Après plusieurs mois de travail, les citoyens ont d’ores et déjà avancé sur de nombreux dossiers, comme on peut le lire sur le site internet de la convention (https://ensemblepourleclimat.est-ensemble.fr/), où sont mis en ligne les comptes-rendus des réunions. Lors de la quatrième session, qui a eu lieu en décembre dernier, il fut question, entre autres, de revégétalisation du territoire (les habitants d’Est Ensemble disposent de 6 m2 d’espaces verts accessibles par habitant, alors que l’OMS en conseille 10 m2). Afin d’approfondir leurs réflexions collectives, les citoyens ont notamment bénéficié des lumières de Véronique Ragusa Bartolone, directrice de l’environnement et de l’écologie urbaine qui s’était permis un petit avertissement contextuel : « La revégétalisation impose de prendre les derniers espaces pour végétaliser. Plusieurs exigences doivent être prises en compte : offrir un logement à toutes les personnes, des transports en commun, des équipements de loisirs… L’utilisation de l’espace implique de faire des choix, de prioriser et c’est également le cas pour les espaces verts : parcs, aires de détente, zones de nature libre, jardins familiaux… Que faut-il privilégier ? »…

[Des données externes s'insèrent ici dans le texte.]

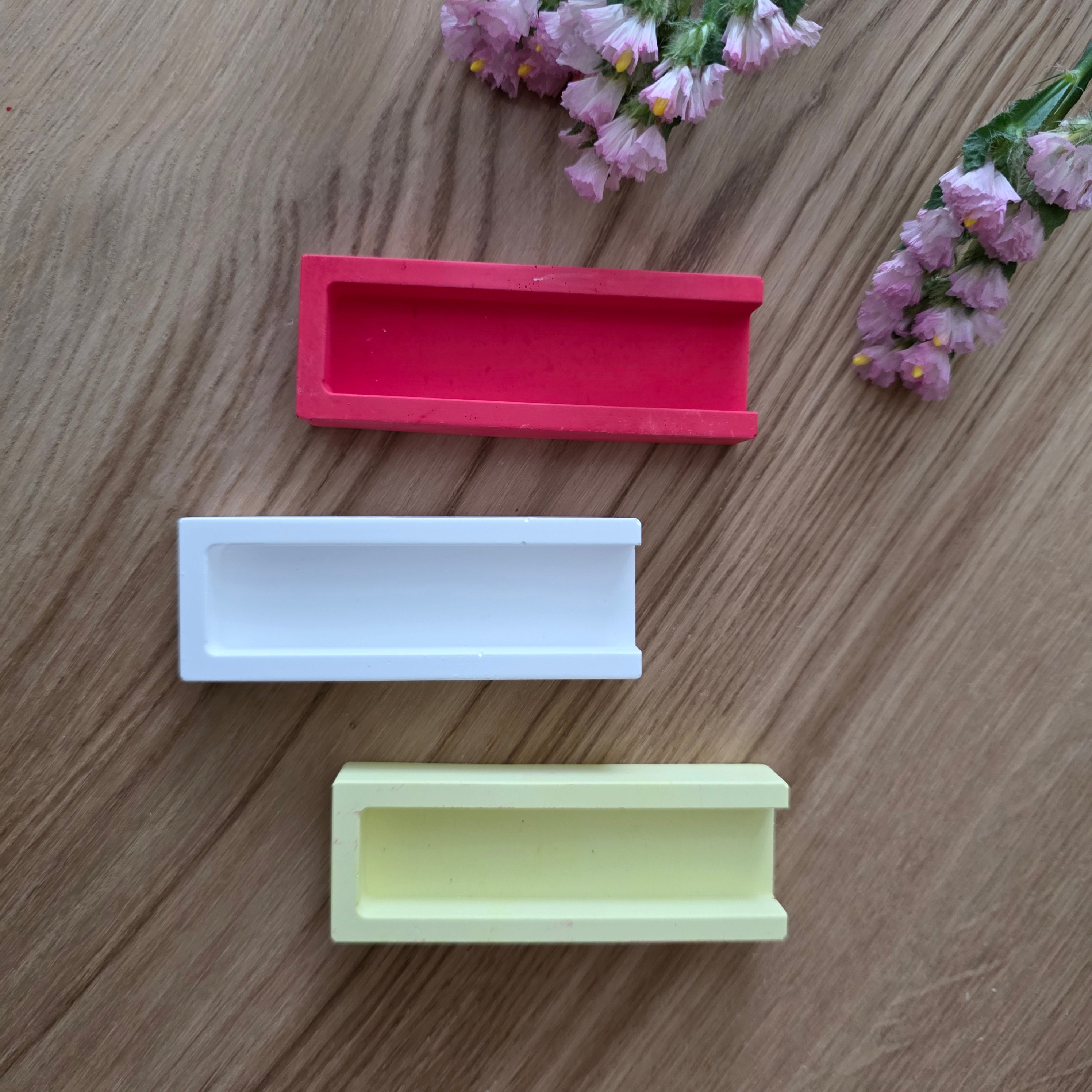 Modularer Schokoladenhalter – Rückteil & Wechselfronten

Les 29 et 30 janvier prochains, le dernier week-end de réunion clôturera le travail de la Convention citoyenne. C’est à l’issue de cela que les propositions des citoyens membres de la Convention seront portées au niveau supérieur ; toutes les propositions seront, en effet, présentées et soumises au vote du Conseil de territoire, en 2022. Il reste à espérer que ce territoire, déjà pionnier sur de nombreux sujets environnementaux, fasse en sorte que cette initiative de démocratie participative ne finisse pas « comme un pétard mouillé », comme ce fut le cas pour la Convention nationale.